How to Verify Time Machine Backups

Some Mac users may wish to verify the integrity of their Time Machine backups before using a snapshot or backup to restore a Mac using Time Machine.

This verification offers a simple way to know if the Time Machine backup data has been modified or corrupted, and can be a helpful troubleshooting trick for some situations.

How to Verify Time Machine Backups on Mac OS

Be sure the Time Machine backup volume is connected to the Mac as usual (network or otherwise)
Pull down the Time Machine menu from the Mac menu bar and then hold down the OPTION / ALT key
Choose “Verify Backups” from the menu options

It may take a while to verify the backup, depending on the size of the backup itself as well as the speed of the Mac.

Time Machine will verify the backup by comparing checksums, and it will alert the user if a problem or issue has been found. If the backup verifies fine, no issues will be reported. It’s possible the checksums will not match, indicating some sort of issue, corruption, or modification with the Time Machine backup, and Mac OS will offer instructions to attempt to correct the problem. It’s also possible the backup won’t have a valid checksum at all.

You can verify either unencrypted and encrypted backups this way.

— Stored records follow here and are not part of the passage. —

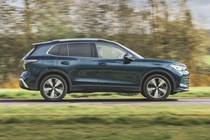 Volkswagen Tiguan profile driving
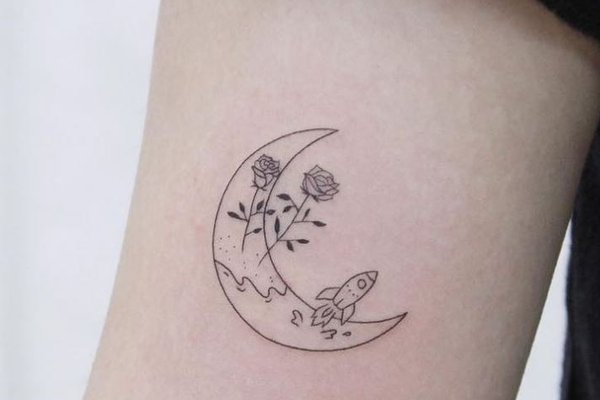 Outstanding-Moon-Tattoo.jpg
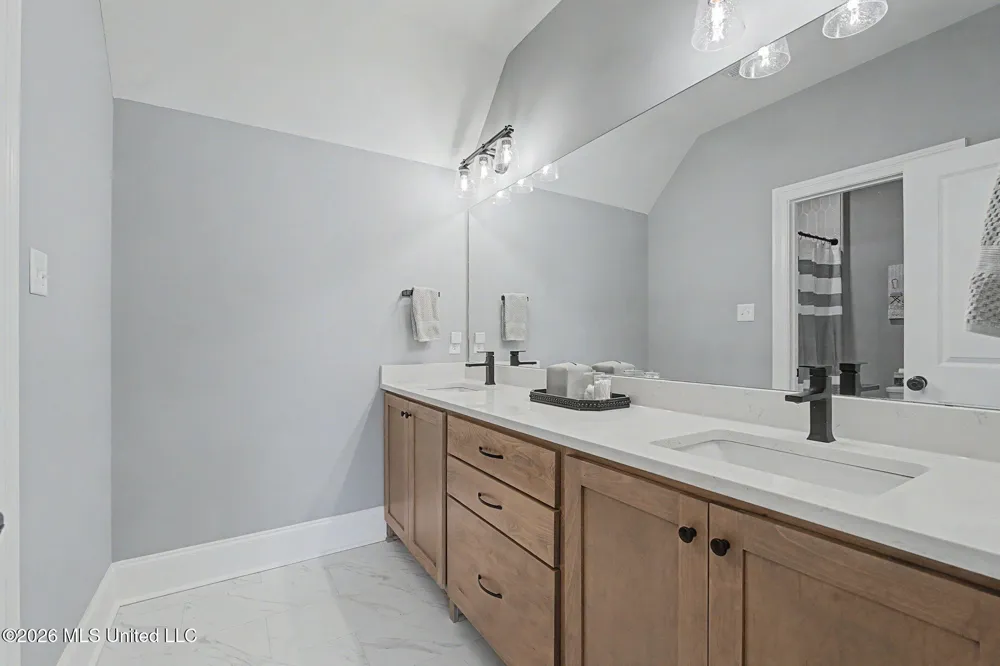 5042 Sophia Lane Hernando, MS 38632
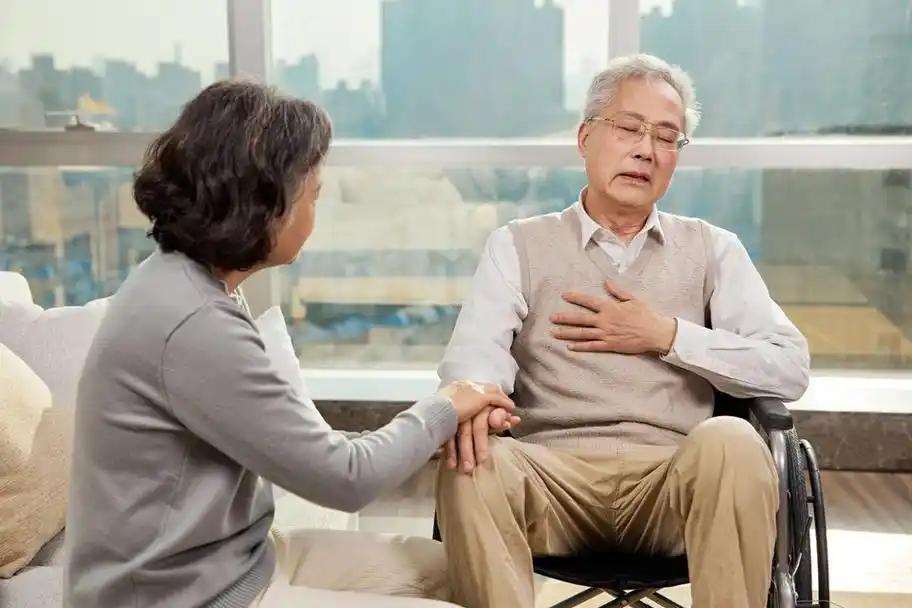再高的胆固醇，若没有这4个表现，不用太过于焦虑，正常饮食即可


胆固醇作为血液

While the Verify Time Machine backups feature has existed for a long time in Mac OS X and Mac OS, it’s important to note that only modern versions of Mac OS maintain a record of checksums associated with each backup snapshot, so if the backup was made prior to 10.12 or 10.11 it can not be verified by comparing the checksum this way.

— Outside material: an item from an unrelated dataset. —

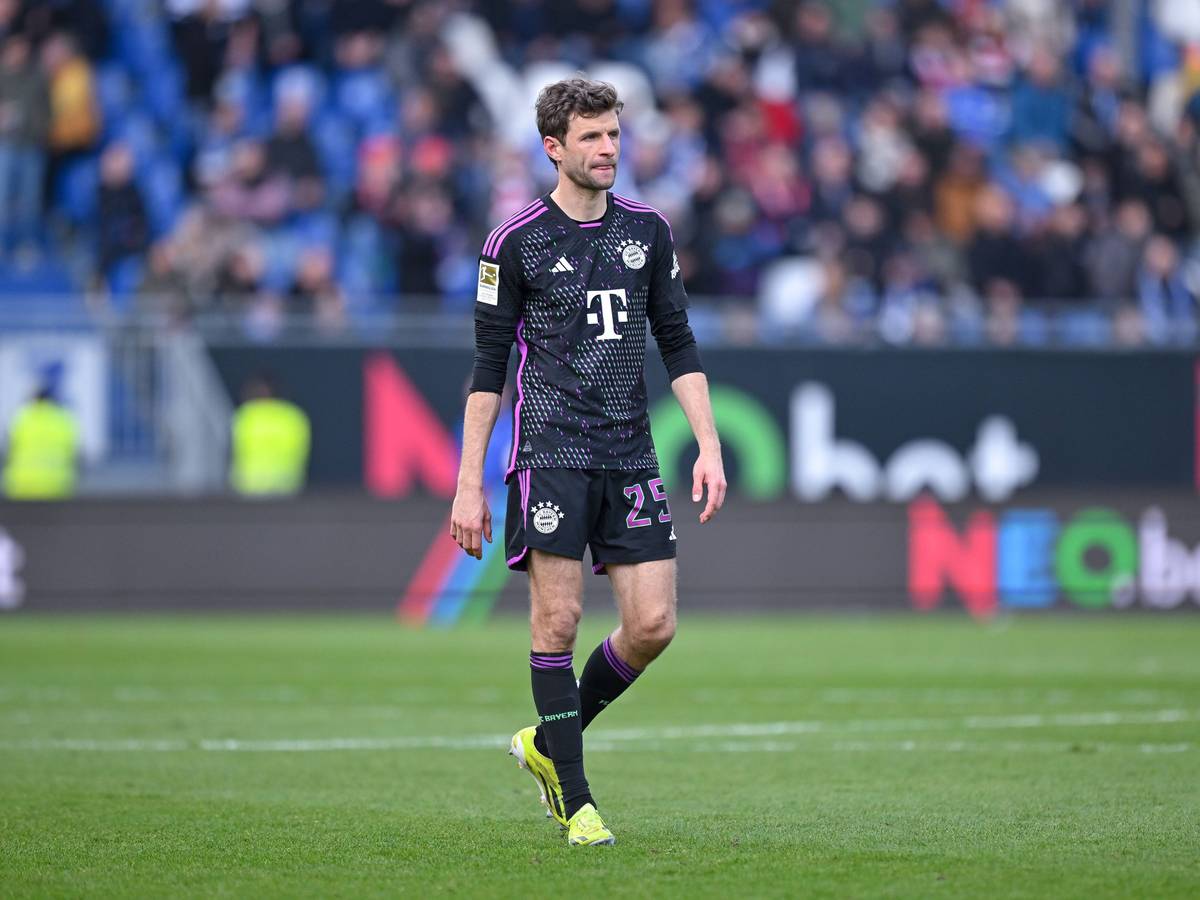 Thomas Müller im Bayern-Trikot auf dem Fußballplatz.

Verifying Time Machine Backups from the Command Line

Command line users can also verify backups with the helpful tmutil utility, using the following command syntax:
tmutil verifychecksums /path/to/backup
The tmutil verifychecksums approach offers the same functionality as the Time Machine menu option except via the command line.

For those wondering, the Time Machine Verify feature works by computing the checksum of the backup and comparing it against a checksum generated at the time the backup was originally made from the Mac, similar to how an md5 hash or sha1 checksum is often used to manually check data integrity.